This has been an emotional post to write. It’s been a long time coming, but I’ve only just now found the strength to write it. Maybe the mindfulness meditation is getting to me, breaking down barriers.
My sister and I have had a strained relationship for many years. I’m not sure when that started. Because as she reminded me yesterday, we used to be close. Maybe she was resentful when I went to law school and she was stuck working with our dad and two brothers. Maybe I came off as obnoxiously superior, seeing as I was the only child of four to finish undergrad. And then when I went to law school, maybe it (I) just got worse. Or maybe my sister’s shift had nothing to do with me. Maybe it had everything to do with the fact she had found out her husband (we’ll call him Jim) was molesting their daughter. And when she found out, she told no one. She lived through that hell on her own and made decisions as best she could, with no one to talk to about what had happened. And then when I found out, from the daughter, I trumpeted the news throughout the family, condemning her and her choice to stay with her husband. No doubt that’s when things between us became strained to the point of disrepair. And then of course there’s the fact that I accused him of doing the same to me.

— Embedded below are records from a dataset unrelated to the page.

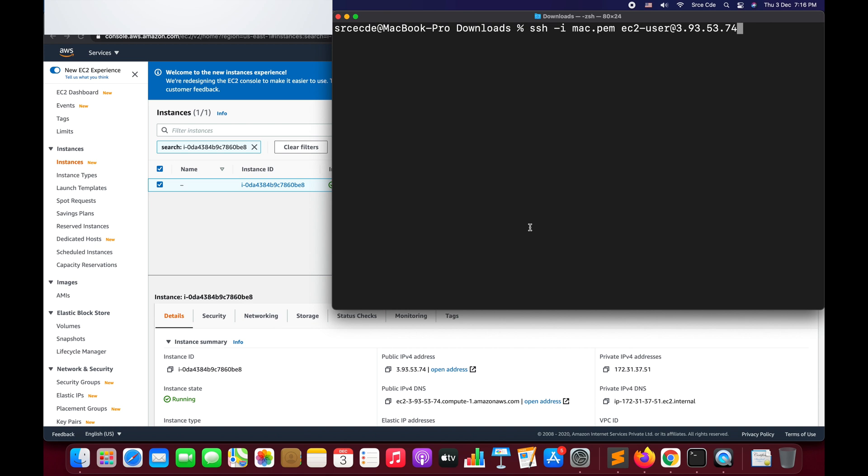Welcome to this video tutorial. In the previous tutorial, I took you through how to spin up an Amazon EC2 Mac OS instance and how to access or log into that instance. Now in this tutorial, we will cover how to access the graphical user interface of the Mac OS running on the Amazon EC2 instance.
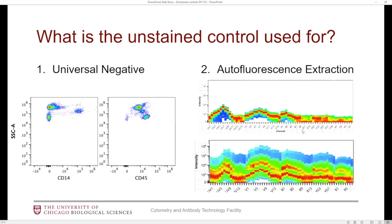There are two features in the SpectroFlow software. First is the universal negative, second is the autofluorescence extraction. These both come up while you are doing the unmixing wizard. The reason why you might want to utilize the universal negative is the negative gate that you are setting on your reference control is maybe not optimal for that control. So instead of using the data within that gate, which you can call an internal negative, we can instead direct the software to utilize an unstained tube that matches that control.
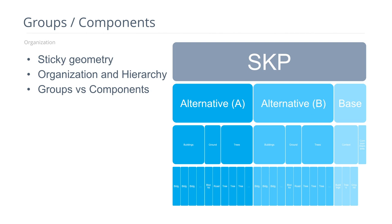First, groups and components. Organization is critical both to your sanity within SketchUp, but also when we get to Unity. The ability to toggle on and off different alternatives at a bare minimum will depend on you setting up the model well in SketchUp and having that same hierarchy fall into Unity. So with that, let's jump in.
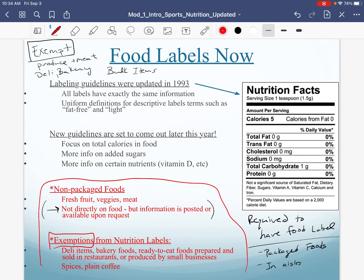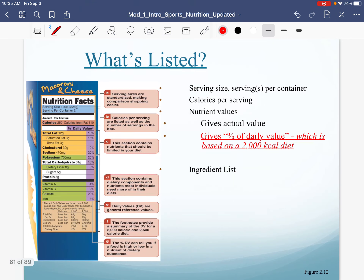To simplify it: what is required to have a food label is all the packaged foods in the aisles. What is exempt would usually be things along the perimeter — the bakery, the deli, the meat section, and the produce. Things around the perimeter are usually exempt either because it's not possible to put a nutrition label on an apple, or it's a bulk item.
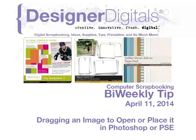Welcome to Designer Digitals Bi-Weekly Tip, April 11, 2014. This week, dragging an image to open or place it in Photoshop and Elements.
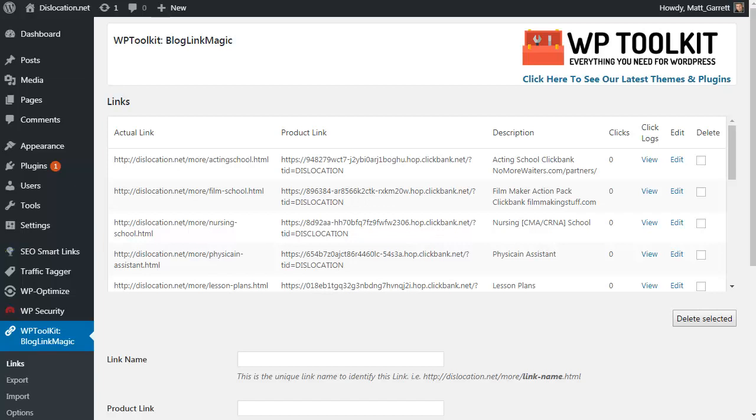Blog Link Magic can be used as a regular link cloaker—you can search through the links and add them in your posts when you're editing if you want to do things manually. But there's two other bits I want to point out.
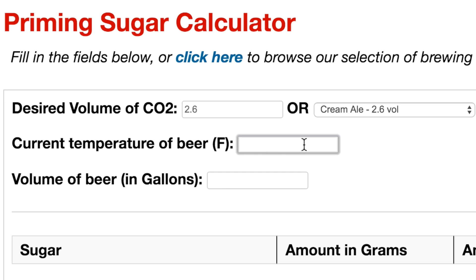Next we need to establish the current temperature of the beer. This is important because most of the CO2 will have bubbled off during fermentation, however a small amount will have remained in the beer, and this amount varies depending on the temperature of the beer. Entering that value here helps us more accurately determine how much more CO2 needs to be put into the beer.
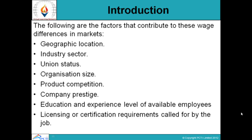The following are the factors that contribute to wage differences in the market: geographic location, industry sector, union status, organisation size, product competition, company prestige, education and experience level of available employees, and licensing or certification requirements called for by the job.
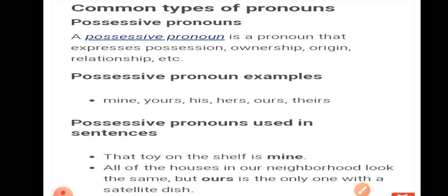Aaghe badhenge aur jaanenge ki what is a reflexive pronoun. Reflexive pronoun ka matlab kya hota hai — it's a pronoun used as an object of a verb that refers to the same person or thing as the subject of the verb. Examples of reflexive pronouns: myself, yourself, itself, herself, himself, ourselves, themselves. Notice that 'self' is added — my+self, your+self, it+self, her+self, him+self. 'Can looked at himself in the mirror' — Can is looking at himself, so subject and object are the same person.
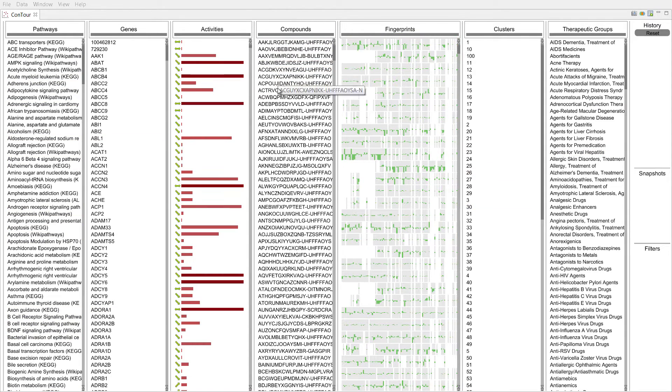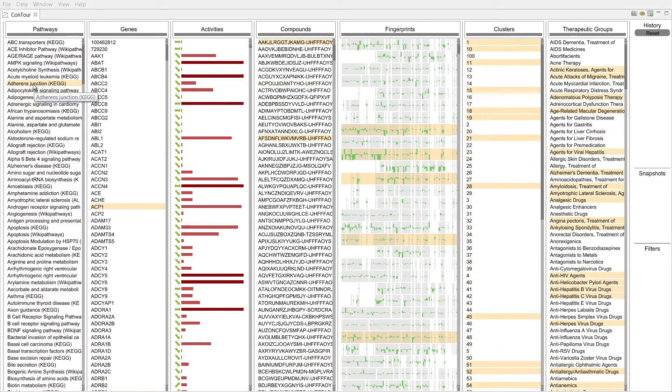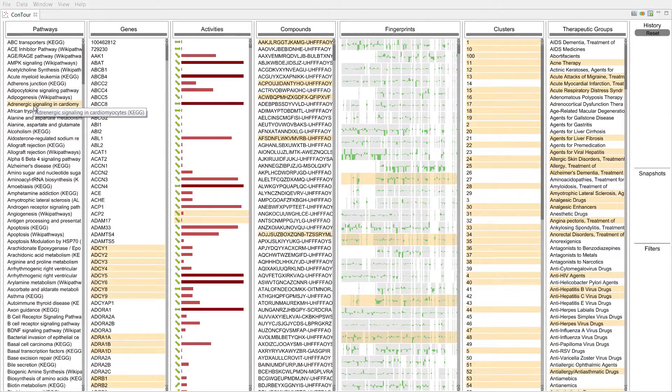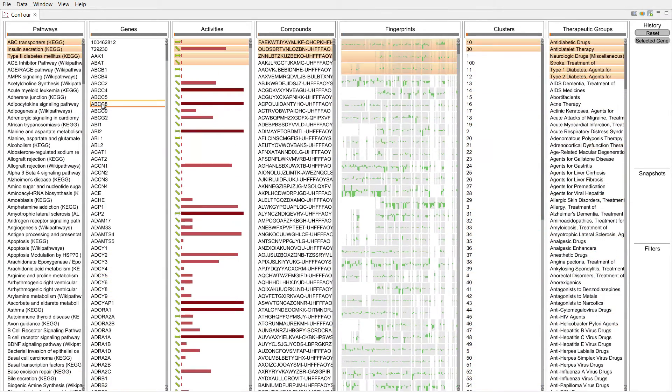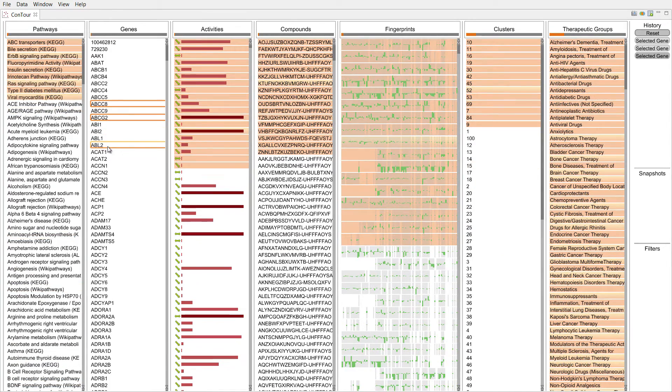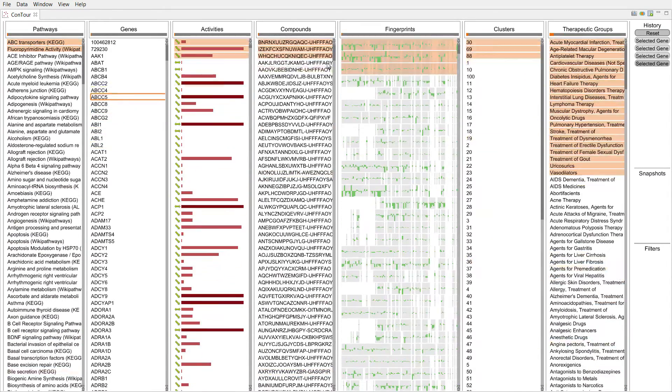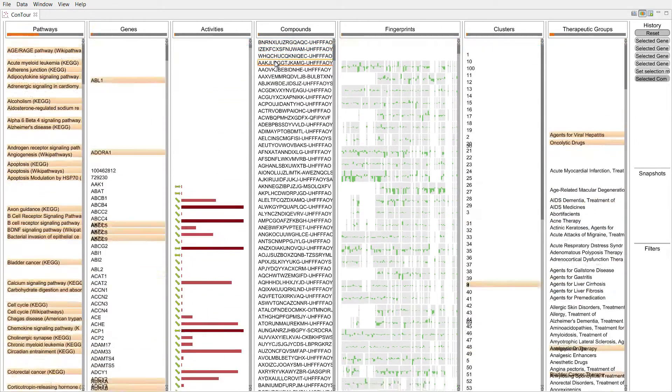Hovering over one item highlights all other items that are related to it. Selecting items moves all the related items to the top. We either highlight items that are related to any of the selected items, or only those that are related to all selected items.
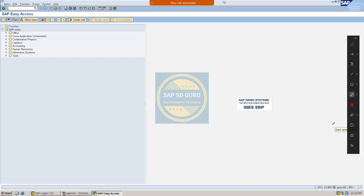Now let me tell you what exactly the requirement is and how we can achieve it in standard SAP. For this requirement, we need not take the help of the technical team — we can do it by ourselves.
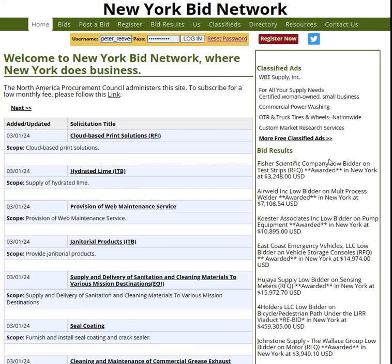I'm going to give you a quick demonstration on how to use this site. You're going to find this also in Connecticut and New Jersey. It's going to come up like this, but it's going to say Connecticut on the top, or it's going to say New Jersey on the top.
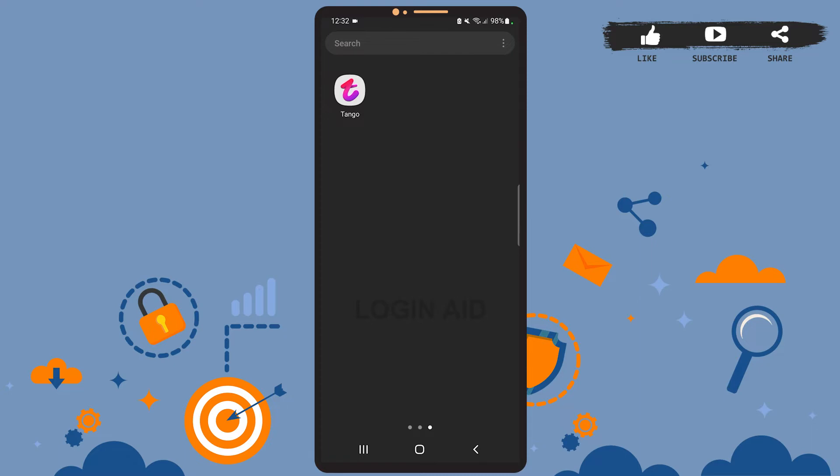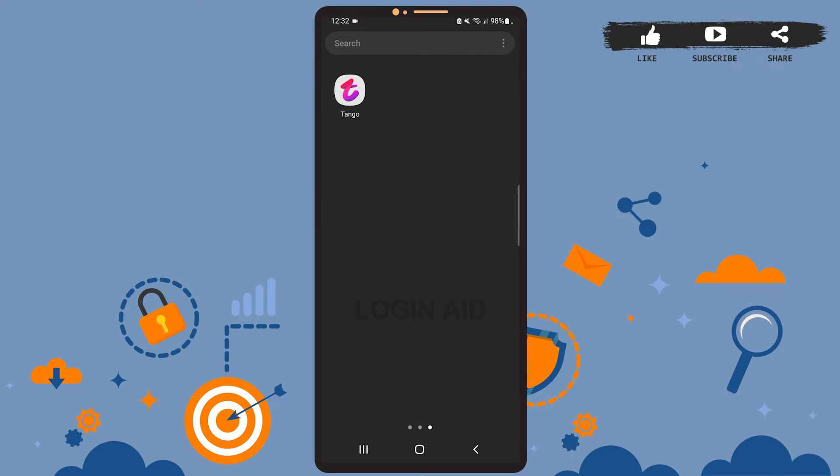Before that, be sure you've installed the Tango app on your phone and you have already logged into your account. Now let's get to the point. So first of all, open the Tango app on your phone.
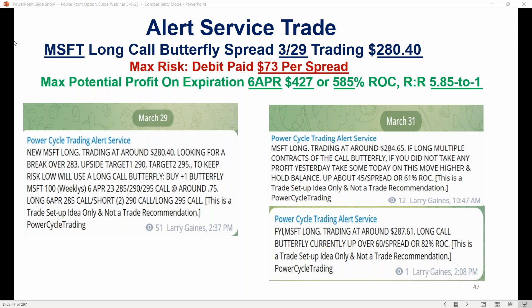Here is the original trade setup. We were doing a butterfly targeting $290. We bought the $285/$290/$295 butterfly for $75 — that was the alert sent out.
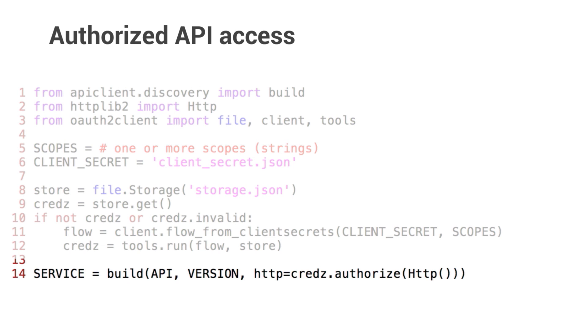You need to specify the API string and its version. The last parameter signs the HTTP calls with your credentials. You can get API names and versions in the docs. Congratulations. Now you can make authorized API requests.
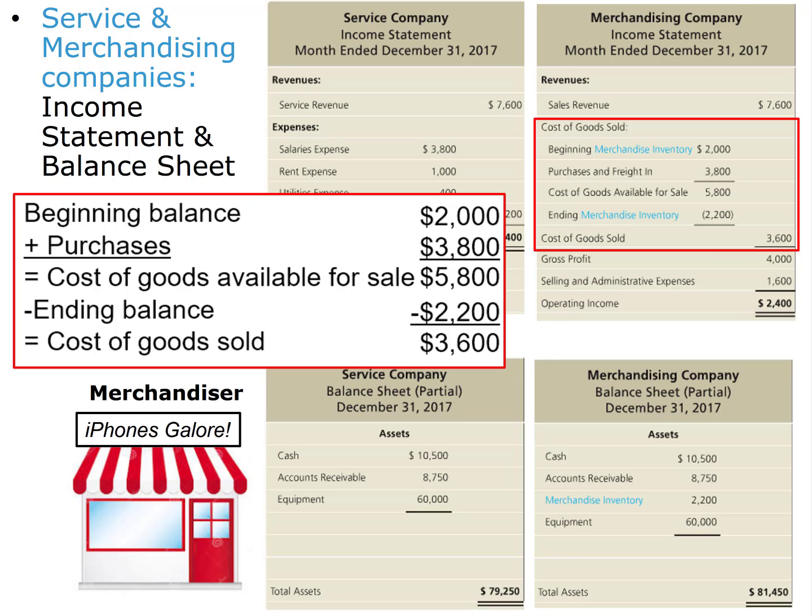In the next video, I'll use these income statements to show you how all costs are classified as either product costs or period costs. Thank you.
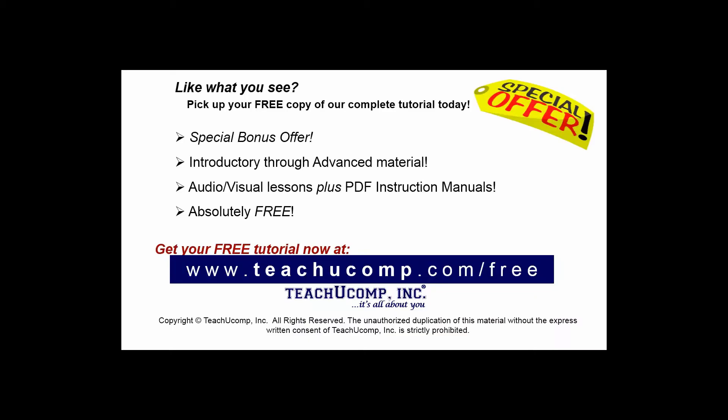Like what you see? Pick up your free copy of the complete tutorial at www.teachyoucomp.com forward slash free.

That last piece has been troubling me for many years. I had a therapist, Vicki. (Not my first.) My friends were seeing her and all loved her. So I believed Vicki knew what she was doing and was good at what she did. Vicki had decided I’d been sexually abused and had repressed memories. All the signs were there. And when my niece told me her father had molested her, I reported this to Vicki. Vicki then became convinced, and proceeded to convince me, that my brother-in-law Jim was also my abuser. It all made sense, she insisted. Molesters don’t operate in a vacuum. He must have done the same to me, and I’d blocked it out. Well, there was the time he’d taught me how to drive.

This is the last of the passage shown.